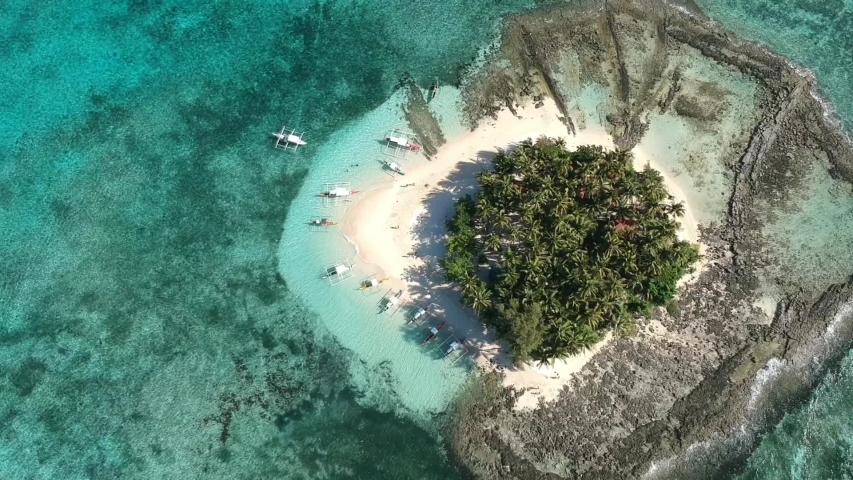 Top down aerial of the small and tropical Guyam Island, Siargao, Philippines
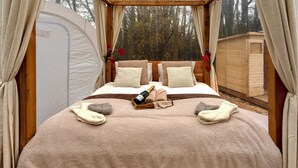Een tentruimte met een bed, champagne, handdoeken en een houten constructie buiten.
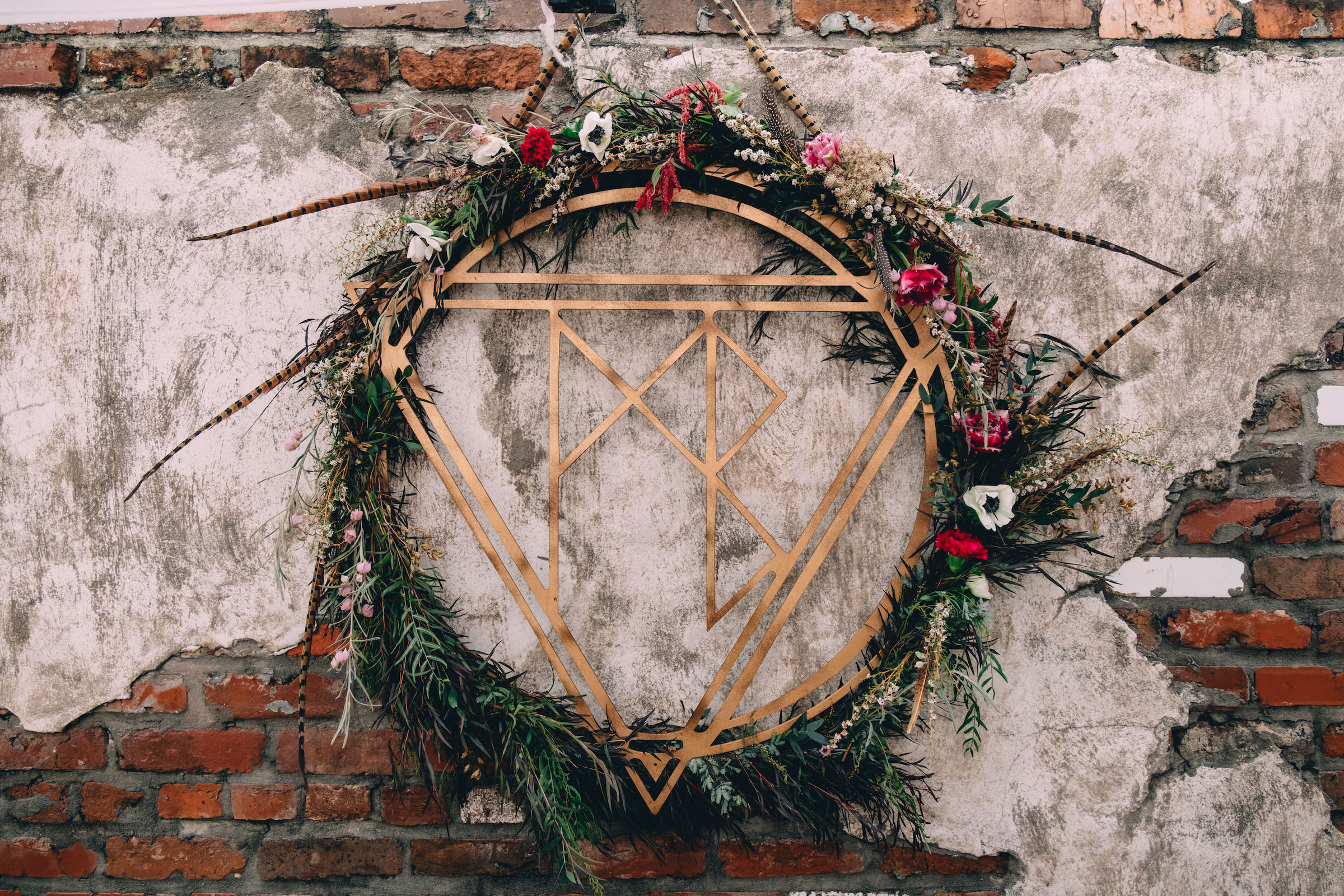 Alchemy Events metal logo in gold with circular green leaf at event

(WORK INSTRUCTION): Give the listing again exactly, but omit each image.

(RESPONSE TO THIS EXERCISE):
 Top down aerial of the small and tropical Guyam Island, Siargao, Philippines
Een tentruimte met een bed, champagne, handdoeken en een houten constructie buiten.
 Alchemy Events metal logo in gold with circular green leaf at event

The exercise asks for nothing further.